By: Johnny Compton
Release Date: February 7, 2023
Publisher: Tor Nightfire
Author Johnny Compton is perhaps best known for his short fiction and contributions to the fiction podcast world, appearing in podcasts such as Pseudopod, The No Sleep Podcast, and certainly not least, his own podcast Healthy Fears. Debut novel The Spite House is Compton’s first foray into long-form fiction. Like his previous works, this debut novel falls solidly within the horror genre, with plenty of gothic elements for fans of the subgenre to sink their teeth into.

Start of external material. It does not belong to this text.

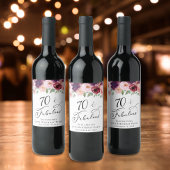 Elegant Floral 70th Birthday Party Wijn Etiket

Eric Ross is a father on the run from a past that remains a bit of an enigma for much of the novel. Desperate for cash, Eric will take just about any under-the-table job that comes his way. He needs to take care of his two daughters, after all. That’s why he jumps at the opportunity to become the caretaker of the Masson House. The owner of this Texan property needs proof that the home is just as haunted as previous caretakers have claimed. All he needs to do is live in there, record anything odd that happens, and accept the very generous payout awaiting him.

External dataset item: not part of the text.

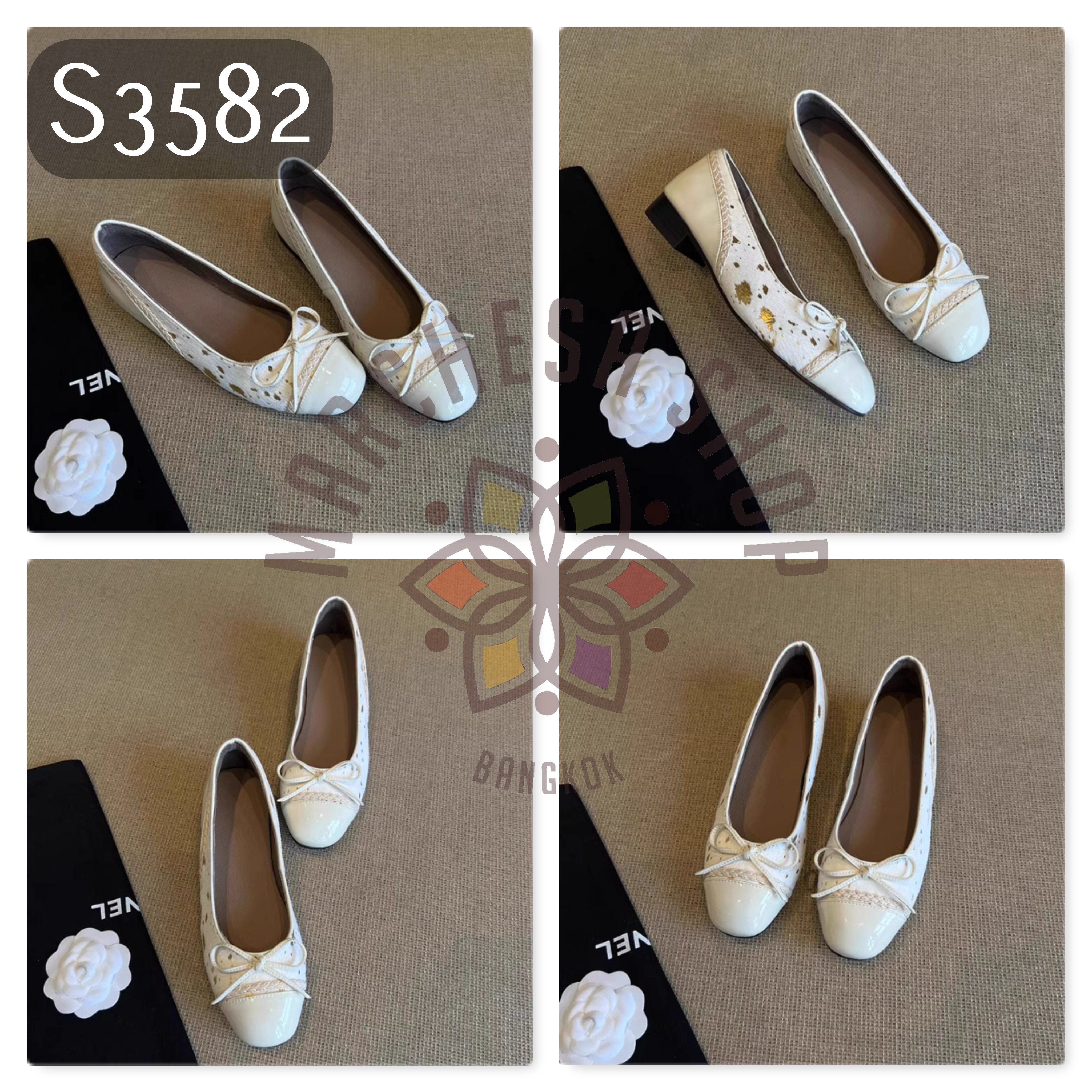 S3582 - 頭層羊皮拼接金箔蝴蝶結圓頭低踭鞋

At first glance, the premise may seem like a standard setup that is often used in the genre. Eric has ulterior motives for taking this caretaker-turned-ghost-hunter position, though. Exploring the paranormal in this house may lead him toward answers he has been desperately searching for in regard to his past and one of his daughters. This creates two separate but very intertwined narratives filled with questions Eric and the reader must solve.
The novel is very much an intergenerational one, exploring not just Eric and his daughters’ lives but also that of his grandfather. Parallel to this is the ongoing saga of a spite house (a type of home specifically built to spite other people), the murky past of one of the town’s most enigmatic figures, and the intergenerational secrets of the family who owns this supposedly haunted home. Few books explore spite houses, a part of history that lends itself perfectly to the horror genre as a whole and gothic literature in particular. Plenty of family secrets, town secrets, and disbelieved truths simmer just below the surface. The background of the house, the town, and the Ross family are all very intriguing, begging readers to keep turning the page.
The tale isn’t only told from Eric Ross’s point of view. In fact, the point of view changes with each chapter, and sometimes within the chapter as well. This constant changing of characters sometimes does the novel a disservice. As soon as you settle in with a character, the perspective shifts once again, which can be frustrating at times. However, each character is exceptionally well written, making readers want to stay with one character or another far longer than allowed. This shifting of perspective also reveals certain plot points at odd times, making the narrative payoff feel slightly off-balance while reading.
The Spite House most certainly leans into its Southern Gothic nature as opposed to the haunted house subgenre. Fascinating mysteries on multiple fronts beg to be unraveled. Though there are some outright frightening moments, the haunted house nature of the story largely takes a backseat to the gothic. There isn’t a plethora of bone-chilling haunted house happenings, though these are present, especially in later sections of the novel. More real-world scares also occur. This intersection of the paranormal and the mundane lends an interesting perspective to the novel. Compton weaves these two very different types of fear together exceptionally well.
Though slim, The Spite House by Johnny Compton certainly packs a punch. Like many horror novels, certain questions are left somewhat unanswered, with readers left to come to their own conclusions about certain aspects. While not a perfect debut, the novel certainly holds its own. Future works from Compton are sure to hold promise, and are much looked forward to.